When I first heard of International Men's Day (IMD), I do have to admit I was like, 'Is someone having a laugh?'. I am aware of International Women's Day (8 March) which is a global day celebrating the economic, political and social achievements of women past, present and future. So I thought, do us men really need a day to celebrate our 'economic, political and social achievements of men past, present and future' ? As it turns out International Men's Day focuses 'on men's and boy's health, improving gender relations, promoting gender equality, and highlighting positive male role models.' Which is fine. Count me in. What becomes alarming is what 'promoting gender equality' actually means in this context.
The UK representative for IMD is a gentleman by the name of Glen Poole. Glen is founding editor of InsideMan and the author of Equality for Men whose 'key concern is to explore, understand and address the many ways the world doesn't work for men and boys'. His site lists early deaths, high rate of suicide, lower education and the limited role of some men in fathering. Out of the UK, reports identify that there is a 40 per cent increase in the suicide rate of men between the ages of 45 and 49.
What's interesting about this is that according to psychologist Professor Rory O'Connor, from the University of Glasgow, is that 20 years ago, during the 1990's, it was men in aged their 20's that were those at the highest risk of suicide (taken from Professor Green: Suicide and Me).
Now, the 90's in the UK was very much about 'Lad Culture'. A culture that marked a 'return to hegemonic masculine values of sexism [&] male homosociality' and was embodied in 'men's magazines, such as Maxim, FHM and Loaded'.
I don't think its too much of a stretch to see the link between the absence of sound relationship advice and role modelling for 20-something men from the 90's. Many of whom, now in their 40's, finding themselves without 'the provider and protector role, with a wife and kids' which seems to be the Achilles heal in their (straight men's ? The heteronormativity is prevalent in this discourse too) survival.

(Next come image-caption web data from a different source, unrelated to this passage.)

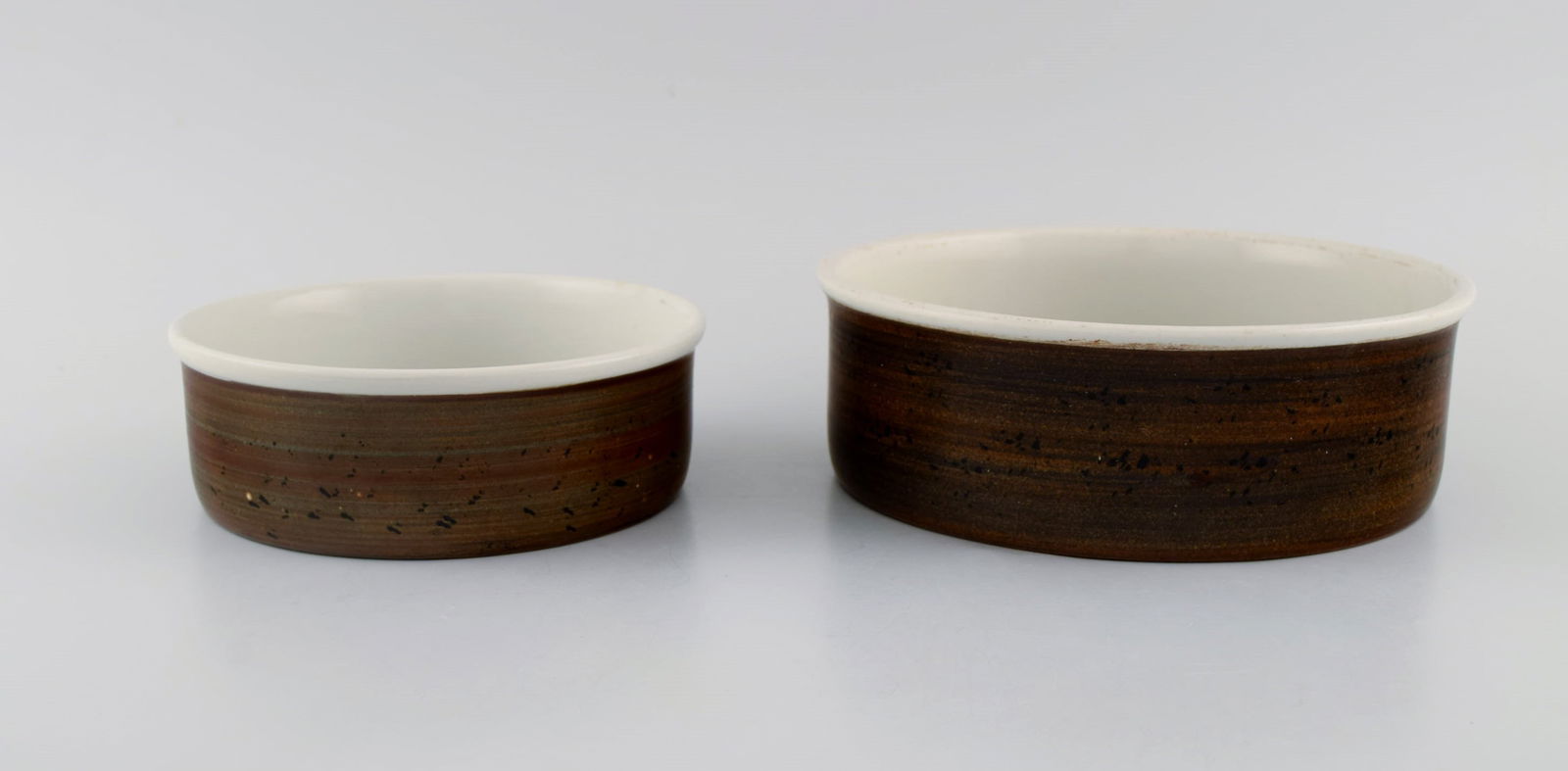 Stig Lindberg for Gustavsberg. Four Coq bowls / dishes in glazed stoneware. Beautiful speckled glaze - 3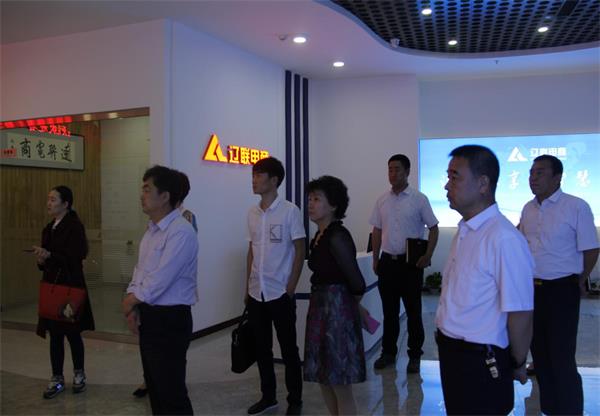 听取亿万28电商生长历程先容.jpg 听取亿万28电商生长历程先容.jpg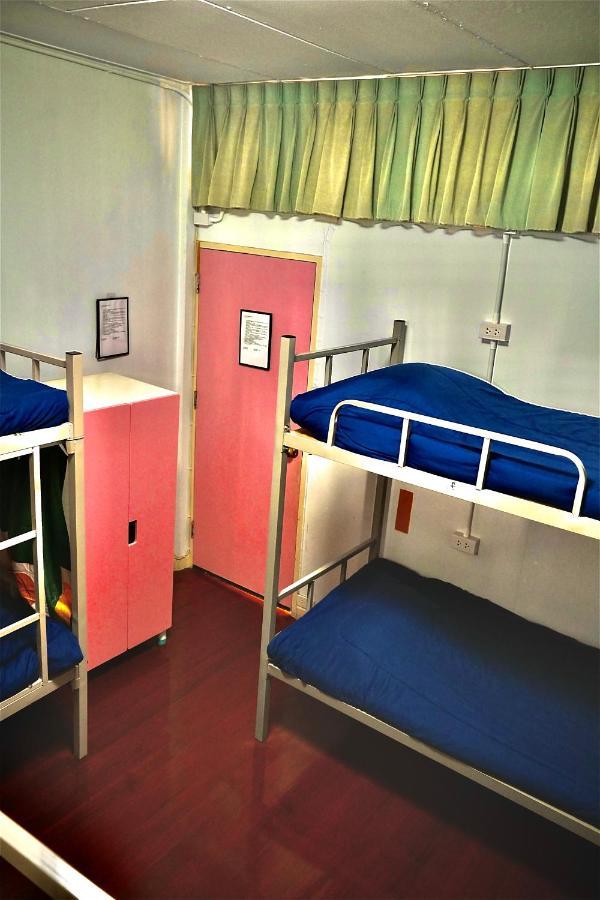 Sura Hostel Bangkok Near Mrt Phra Ram 9 מראה חיצוני תמונה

Ironically, a previous editor of Loaded magazine, Martin Daubney, is now championing men's rights and opining 'Why does no one care when boys fail at school and middle-aged men kill themselves?' and 'Mansults: the put-downs that are always levelled at straight white males'. Mansults? Janice Turner provides background into Mr Daubney here and some insight into perhaps why he is mansulted (?). But also, I don't recall Loaded ever giving positive relationship advice, positive male role modelling and dad tips. Do you?
A report from good folks at CALM (Campaign Against Living Miserably) last year showed that that suicide had become the biggest cause of death for men (aged 20-49). These high levels of suicide for men across the lifespan worldwide, is both distressing and emotionally charging, and the thing is the suicide of anyone is tragic. However, responding to these suicide needs to be sensible and reflective, and not a conflation of the all issues of the world that men face as being attributable to these deaths. There are no doubt challenges and failings in the systems of family law. But being a man is more than of 'provider and protector role, with a wife and kids'. This kind of mentality and gross sense entitlement to power and control is what I believe has landed men to place they find themselves now. Want to change the system so that it is fair and equitable? Start by being better men, improve gender relations, promote gender equality, and become positive male role models this world so desperately needs. This International Men's Day, walk the talk. Not just shout off at the mouth and shoot from the hip.